Glass bottom dishes with 7-mm diameter glass surfaces are standard products (e.g. part # P35G-1.5-7-C or P35G-0-7-C). In addition, 50-mm, 60-mm- and 100-mm dishes come with a 30-mm diameter glass surface (e.g. part #P50G-1.5-30-F, P60G-1.50-30-F, P100G-1.5-30-F) and are standard products; these dishes maximize the surface area for cell growth. When very expensive reagents need to be conserved, dishes with a 5-mm diameter glass surface (e.g. part #: P35G-1.5-5-C) are also available on a special order basis.
Q29: What is the lead-time necessary for special orders? Is there a special order charge? Can special order items be returned?
Lead-time: Special order items typically can be produced within 2-3 weeks of receipt of a purchase order. However, bulk sterilization of the glass bottom dishes occurs only once every 6 weeks. Therefore, the lead-time for sterilized, special order products can vary between 3-8 weeks.
Note: Lead-times can be shortened if the customer will sterilize the dishes using UV and/or 70% ethanol (e.g. 40 mins under UV light in a tissue culture hood and/or immersion if 70% ethanol for 30 minutes).
Special order charges: Special order charges: For special orders of 3 cases or more, there is no special order charge; however, for special orders of less than 3 cases, a special order charge will apply.
Return policy: Special orders items cannot be returned.
MatTek Chambered Cell Culture Slides
Q30: What are the dimensions of the wells of the MatTek Chambered Cell Culture Slides? How much medium should I use per well?
Product | Dimensions of wells (mm) | Medium volume/ well (mL) |
CCS-2 | 23.0 x 22.2 | 1.2 – 2.5 |
CCS-4 | 23.0 x 11.4 | 0.5 – 1.3 |
CCS-8 | 11.5 x 11.4 | 0.2 – 0.6 |
Q31: Can I use an inverted microscope to observe cells cultured in the MatTek Chambered Cell Culture Slides (CCS)?
Yes, cells grown on the CCS can be observed using an inverted scope.

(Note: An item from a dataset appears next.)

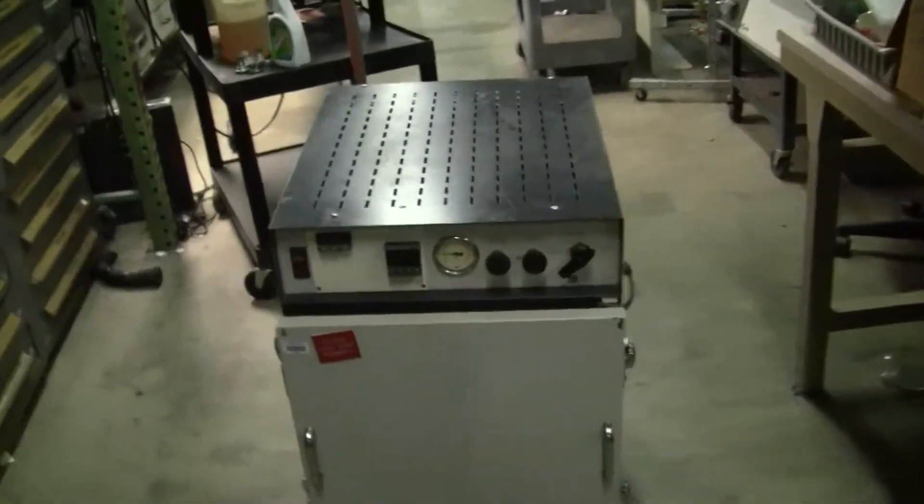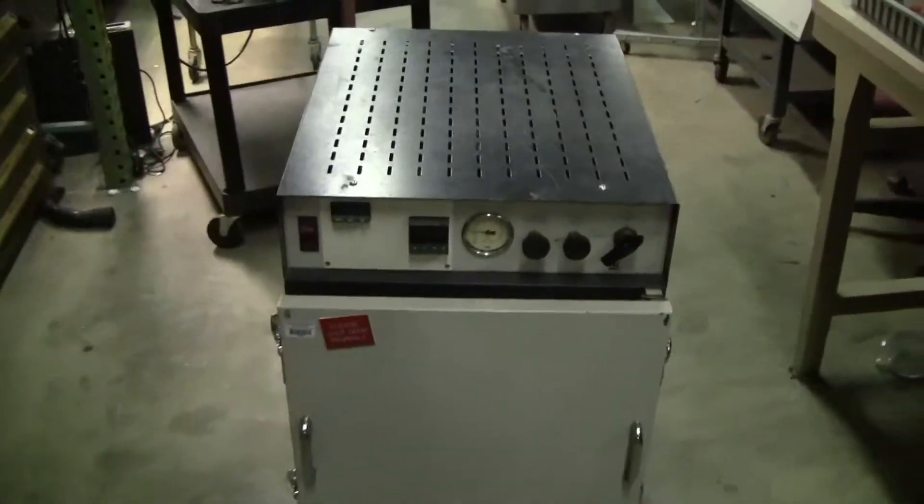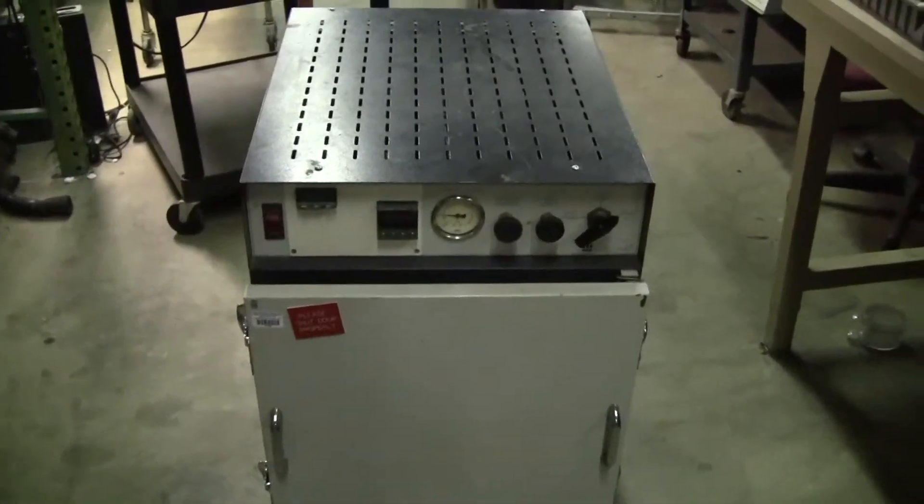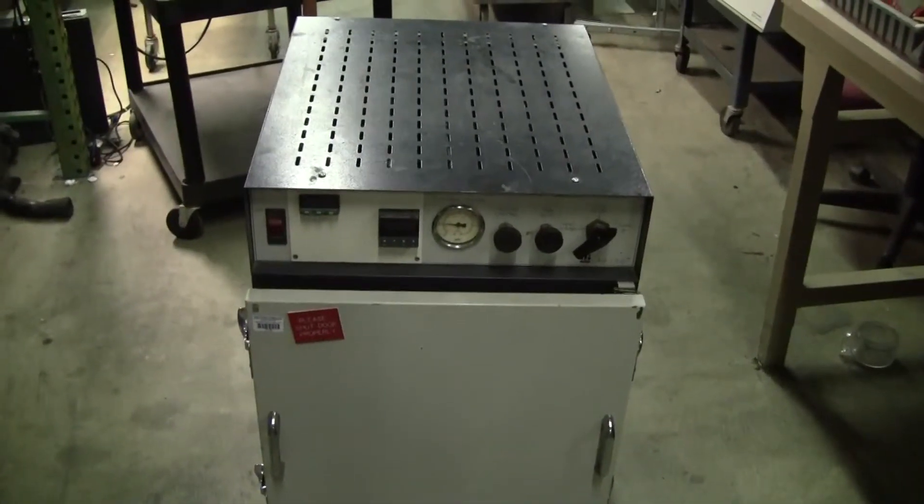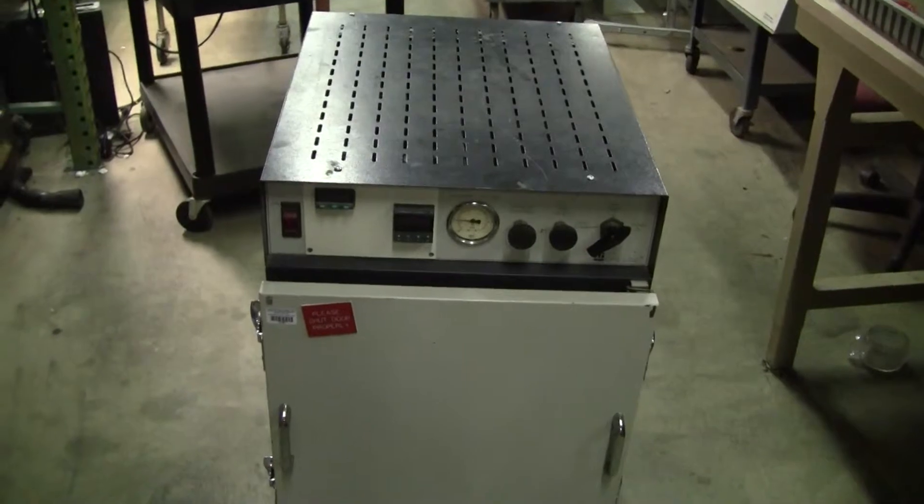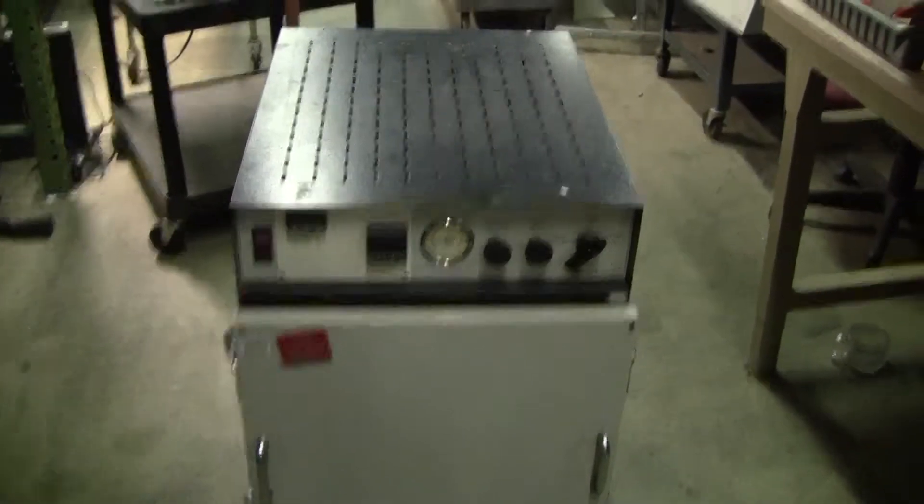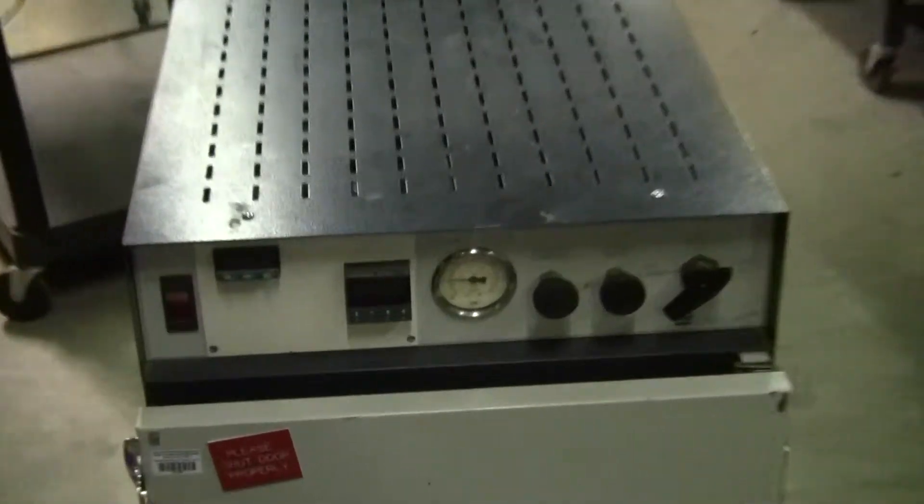Hi, this is Michael from HitechTrader. Today we're looking at a vacuum oven with an updated control panel.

Stain your cells and
remove the plastic upper chamber. Use mounting medium and coverslip the samples on the slide. MatTek coverslips, Part #: PCS-1.5-5024 (No. 1.5 thickness 50 mm x 24 mm), are specially designed for coverslipping samples cultured on the CCS.
Q32: What are the dimensions of the microscope slide which is the base of the MatTek Chambered Cell Culture Slides?

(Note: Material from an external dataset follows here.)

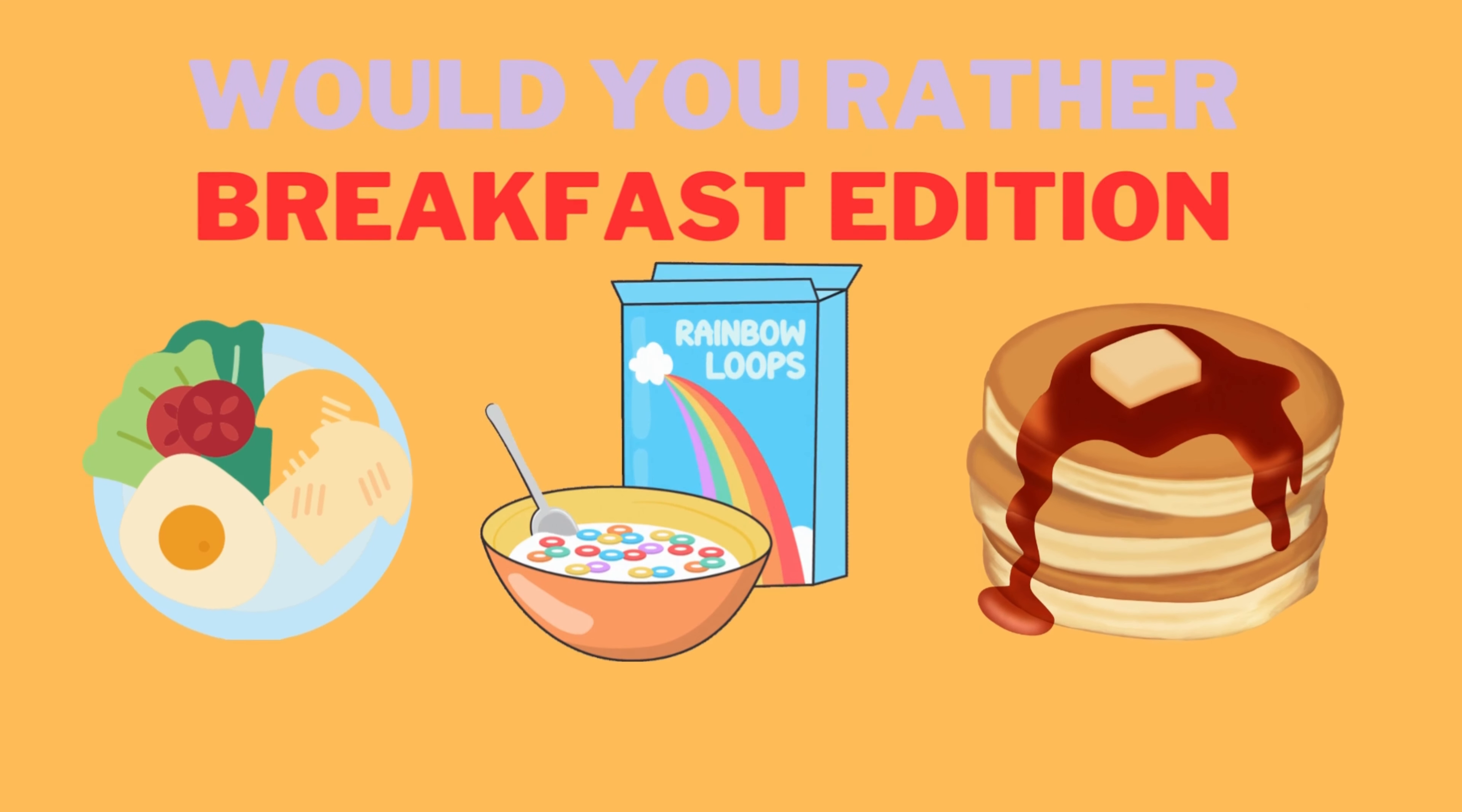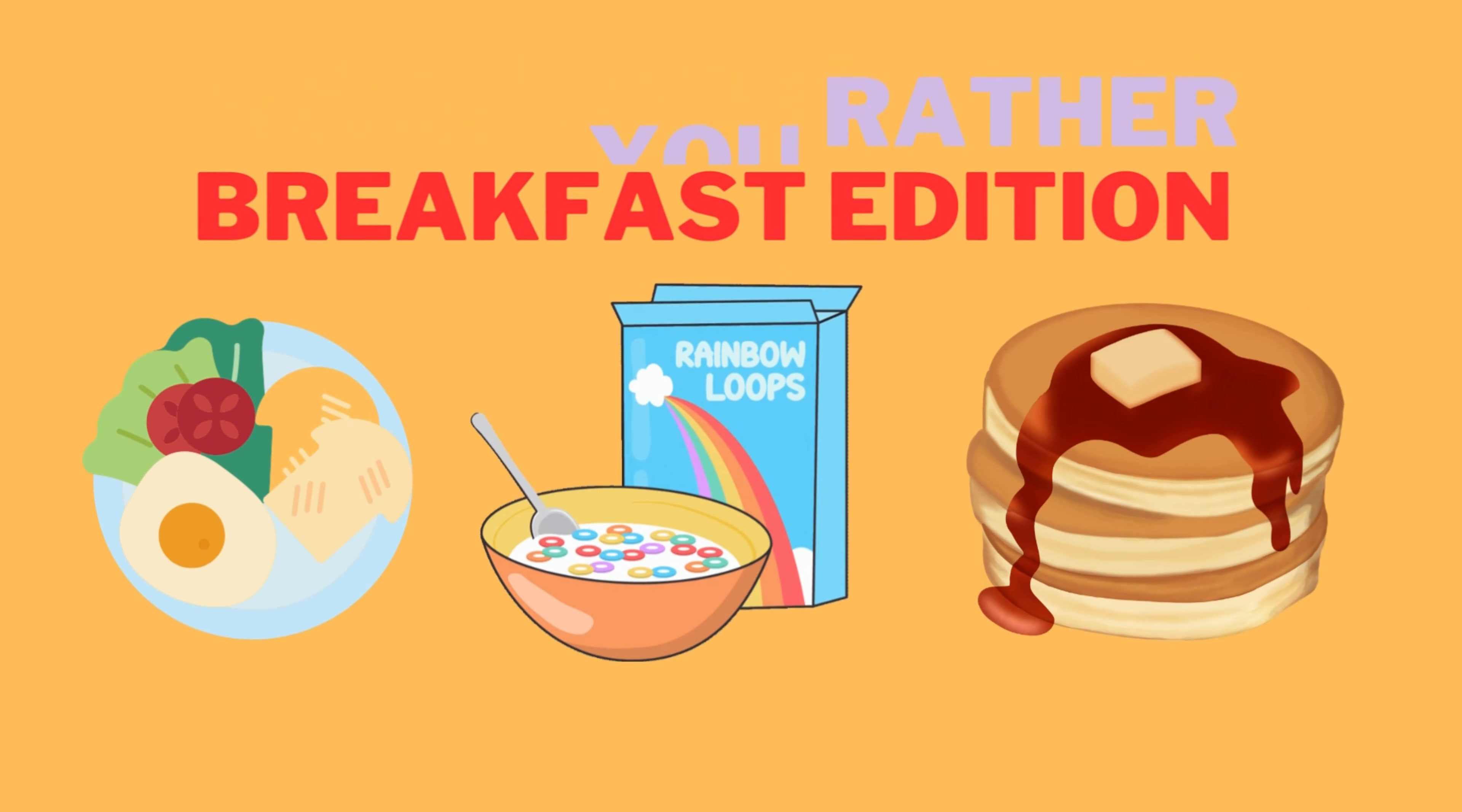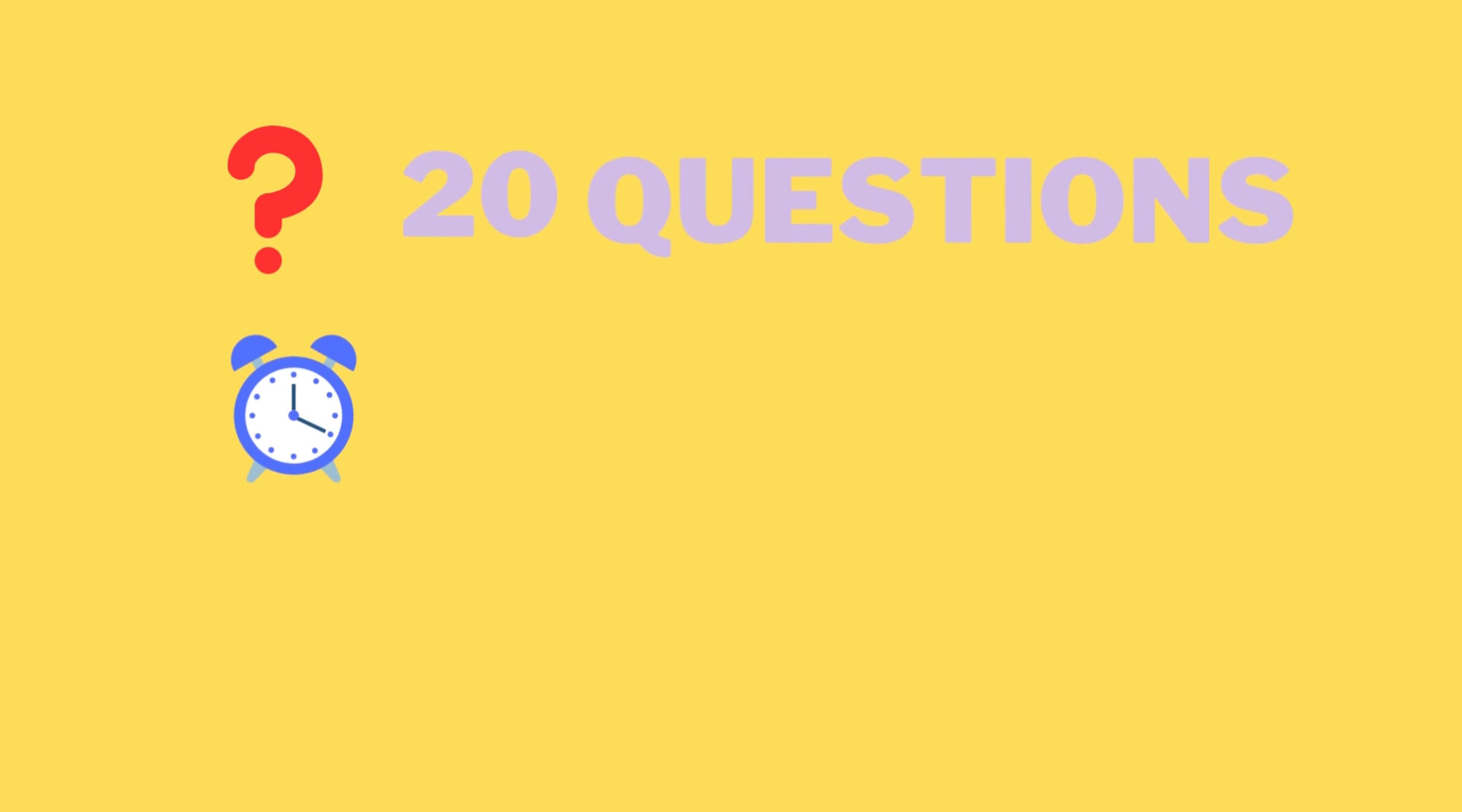Welcome to my channel. Today we are playing Would You Rather Breakfast Edition. Don't forget to subscribe my channel for more quizzes. Let's get started.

The dimensions of microscope slide are: Length: 75.0 mm, Width: 25.0 mm, and Height: 1.0 mm.
Q33: After I remove the upper chamber will anything remain behind on the microscope slide?
There is a silicone gasket beneath the upper chamber and the microscope slide. The gasket typically releases from the slide when the chamber is removed. However, if the gasket remains on the microscope slide, it can easily be peeled off the microscope slide using fine point forceps.
Q34: What should I do if I need more than 8 wells?
Although we do not produce Cell Culture Slides with more than 8 wells
MatTek Glass Bottom plates are available with 12, 24, 48, 96, and 384 wells.